Don’t let hopeful salespeople fill your pipeline with junk

For years I have heard sales people tell me they want to learn how to qualify better and land big deals. It is every salesperson’s dream. Even though it is a common aim, as odd as this may sound, there is a danger of wanting to qualify better.

You might be surprised at this thought but it sets you up to have the wrong mindset and starts a tug of war between you and the prospect. You see there is little or no relationship and prospects are mistrusting of salespeople from the start. Such a scenario may not be much help.

As sales professionals, we must establish good relationships with prospects. So you start asking qualifying questions and what happens…they give you the “short answer”. You can feel the tension and resistance but we don’t want to push too hard because this has some potential and we can keep “hope” alive. From my perspective hope is no good!

Hope lets you fill your pipeline or sales forecast with junk (sometimes called deals) that are never going to close. Hope lets you lie to yourself that you have a lot going on and helps you procrastinate from making real sales calls. It keeps you in a fantasy world which is far from reality. You loose your concentration and start believing in what is favorable to you although it might be far away from reality. This is definitely not a healthy environment.

Here is one example of how hope could be misleading.

I once worked with a Fortune-500 company who didn’t want to get real.

They preferred to live in the land of hope even after I warned them that they were setting themselves up for a shortfall. Sadly as I predicted the last week in the quarter $10 million in deals evaporated… not moved into next quarter but actually evaporated into thin air never to be seen again.

Painfully they were $10 million short of what they told Wall Street and the street punished their stock severely for it. Hoping that everything will turn out to be fine may be a positive way of thinking. But, building a sales forecast on hope never works in the commercial world. Your sales team must take action at the ideal time. The right act at the right moment will help you build a good relationship with your prospect.

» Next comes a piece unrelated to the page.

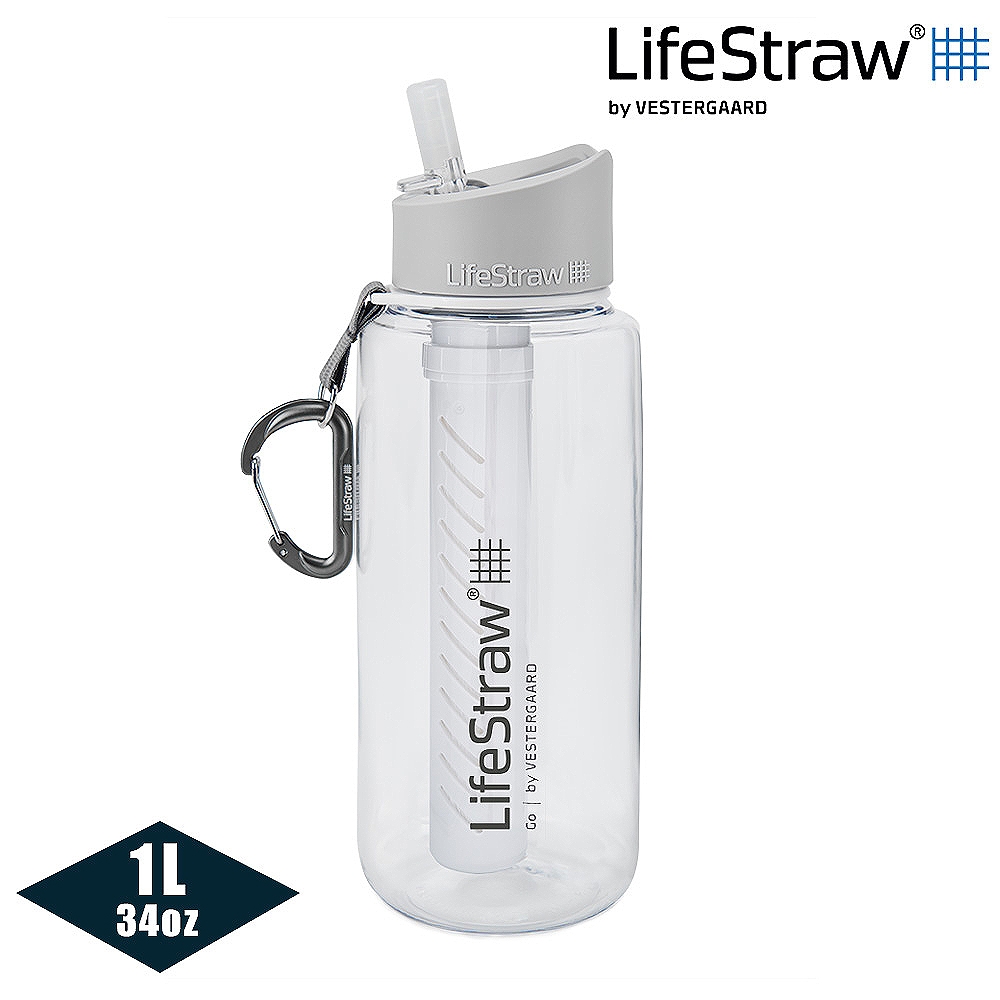 LifeStraw Go 二段式過濾生命淨水瓶 1L｜透明色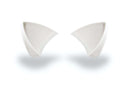 Helmet Flair MagNeatOhz: Cat Ears for Helmet White-1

So I am going to be a contrarian. I am going to suggest that instead of qualifying, you strive to disqualify.

Do not be surprised. This is a very different perspective on sales. By trying to disqualify, you will ask tougher questions and the prospect has to sell you instead of you selling them. You reverse the process with this approach. Your quality will automatically improve.

Your mindset should be positive but slightly skeptical. So it sounds something like, “That sounds great but I am little skeptical because…” Either the prospects get real and honest or they quickly disqualify themselves. This will take a little practice because it feels unnatural but once you master it, it will serve you well. This will give you a clear picture of where you stand in a deal. It will avoid unnecessary hope and help you believe in facts which are more realistic in helping you to achieve your goals.